What is required: Skip all pictures. Write out the data below from its first line through the line that contains "Fatima Hand-loomed Raw".

The data:
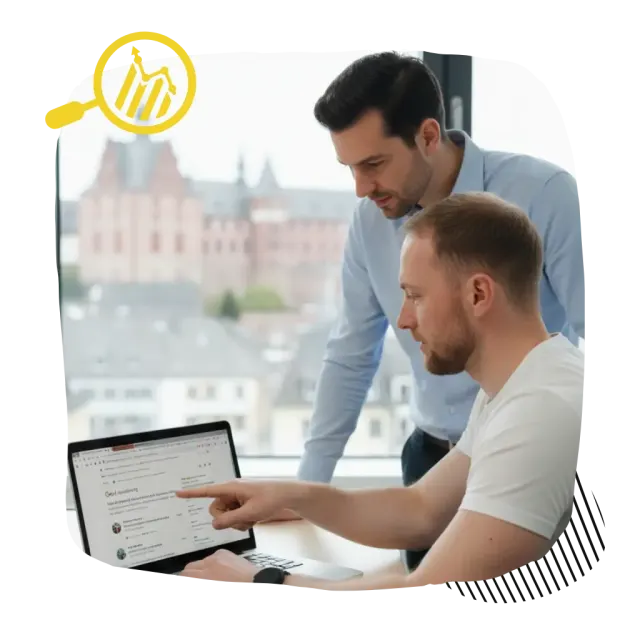 SEO-Analyse für ein Unternehmen aus Langen am Laptop
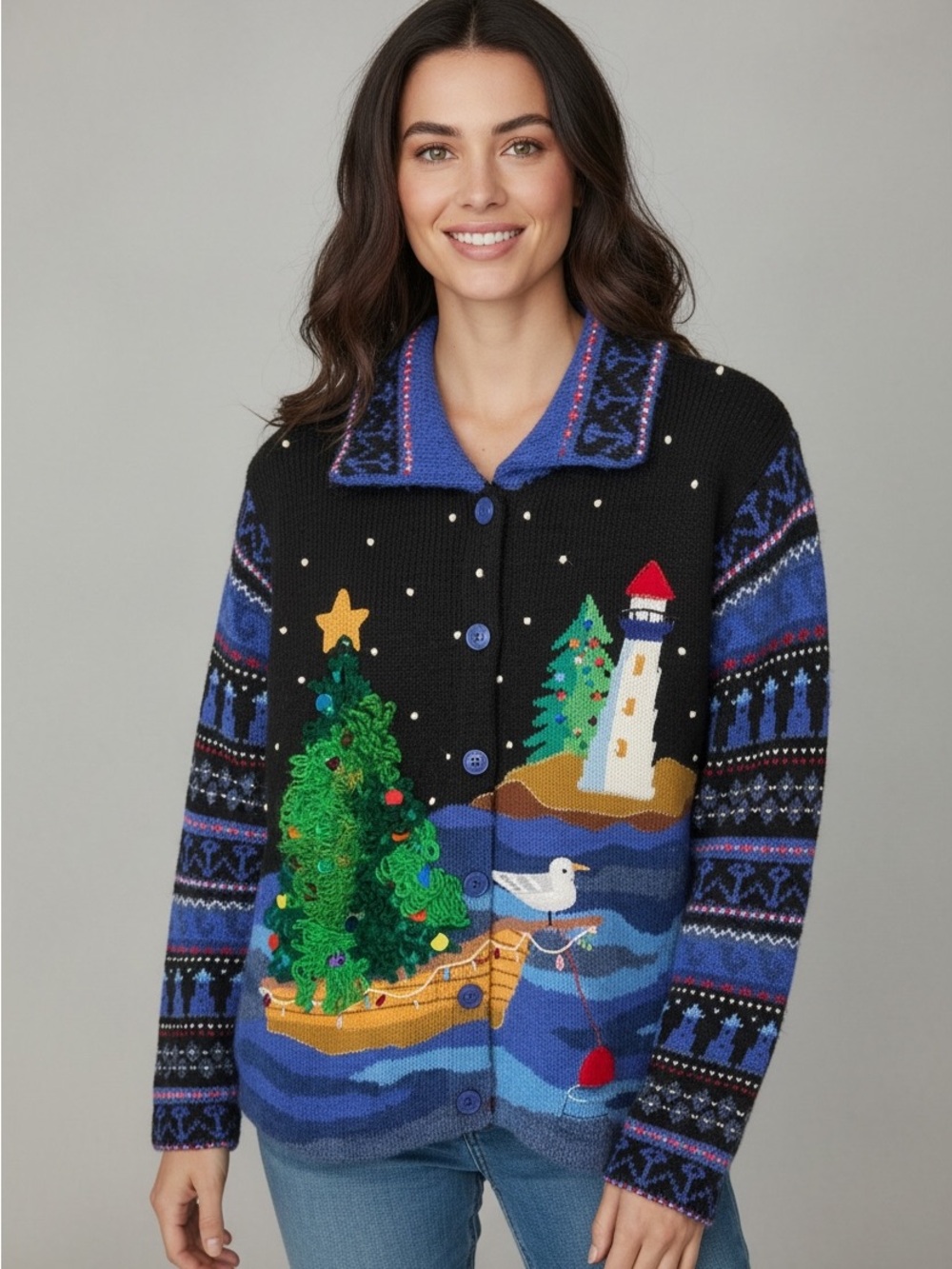 DESIGN OPTIONS BY PHILIP & JANE GORDON COASTAL BEACH CHRISTMAS SWEATER SZ SMALL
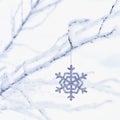 Sparkling glitter snowflake Christmas ornament decoration hanging from frosty branches with white snow background. Winter holiday Royalty Free Stock Photo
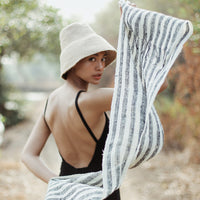 Fatima Hand-loomed Raw Cotton Scarf, in Beige (Pre-order)
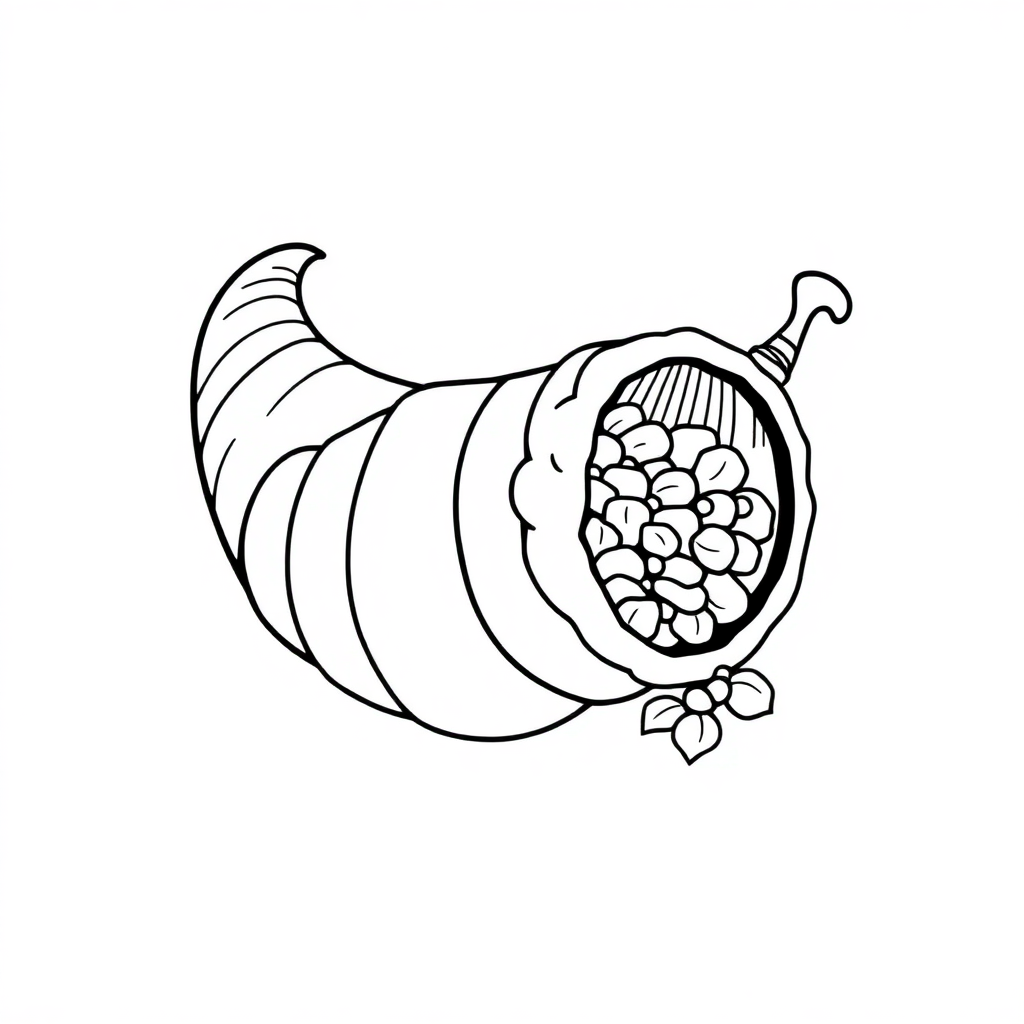 Vintage Cornucopia Coloring Page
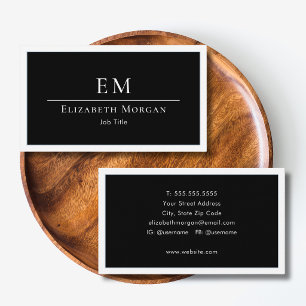 Elegant Professioneel Eenvoudig Monogram Minimalis Visitekaartje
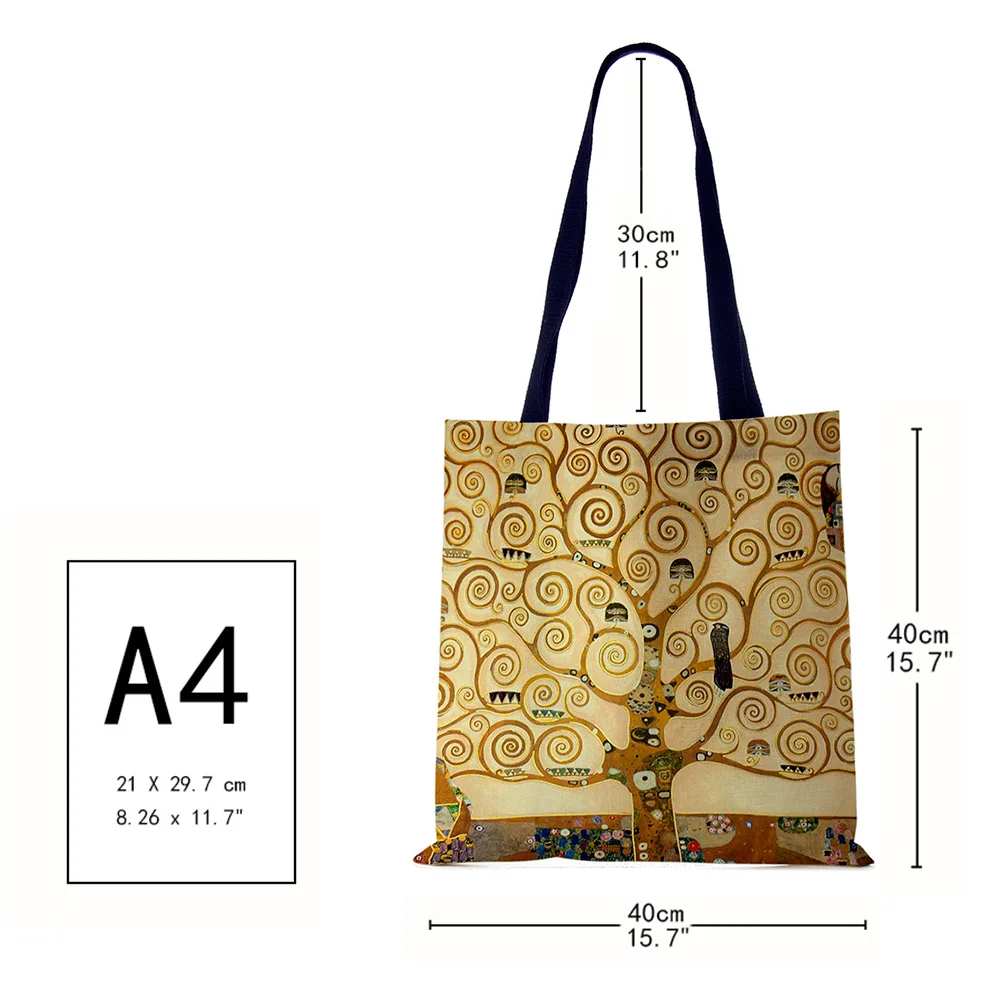 Customized Oil Painting Tears Linen Cloth Tote Bags For Women Gustav Klimt Ladise Fashion Handbag Large Capacity Shopping Totes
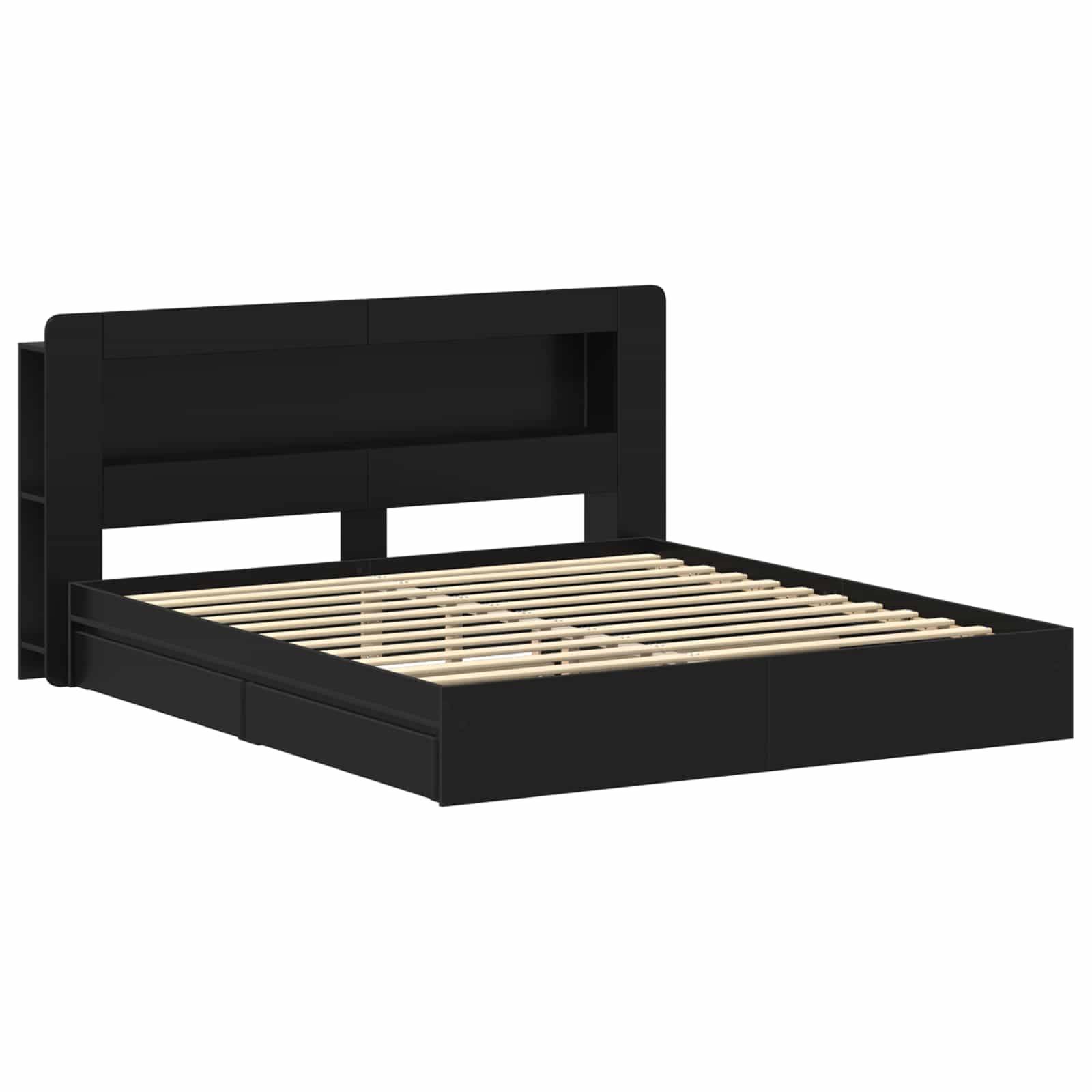 vidaXL Bettgestell mit Stauraum Schwarz 200 x 200 cm Holzwerkstoff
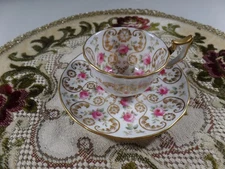 Antique Cauldon Roses & Gold Gilt Cup & Saucer Tiffiny & Co. New York "Small"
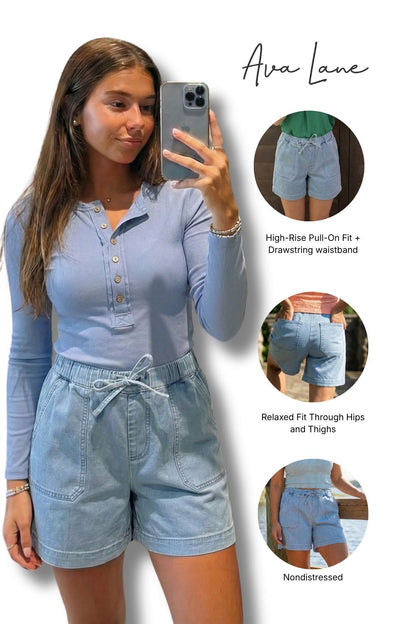 The Faye High-Rise Pull-On Relaxed Fit Denim Shorts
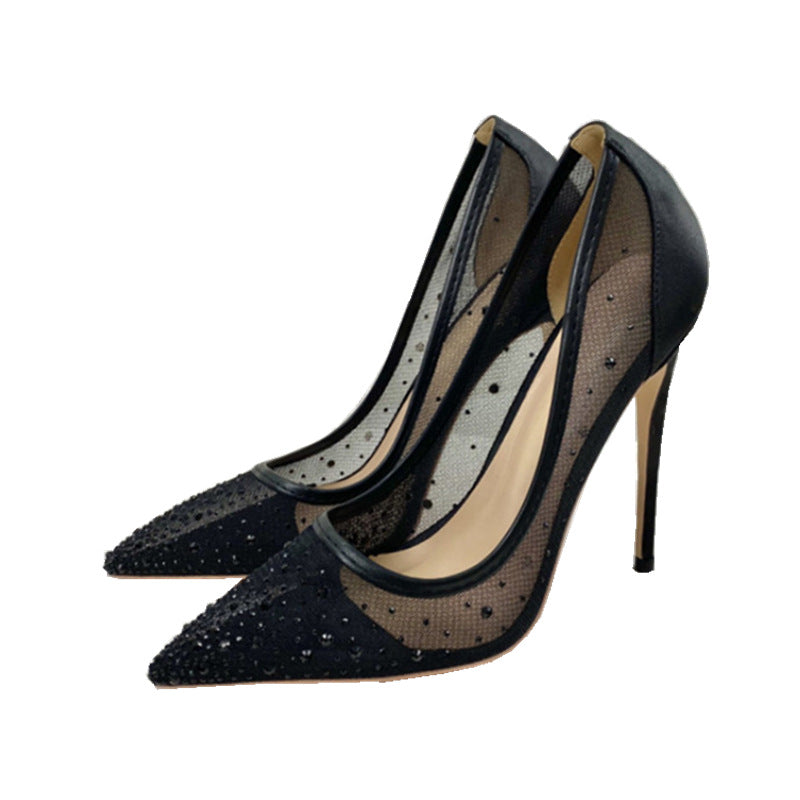 Women's Spring Breathable Mesh Diamond High Pointed Toe Shallow Mouth Heels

Written reply:
 SEO-Analyse für ein Unternehmen aus Langen am Laptop
 DESIGN OPTIONS BY PHILIP & JANE GORDON COASTAL BEACH CHRISTMAS SWEATER SZ SMALL
 Sparkling glitter snowflake Christmas ornament decoration hanging from frosty branches with white snow background. Winter holiday Royalty Free Stock Photo
 Fatima Hand-loomed Raw Cotton Scarf, in Beige (Pre-order)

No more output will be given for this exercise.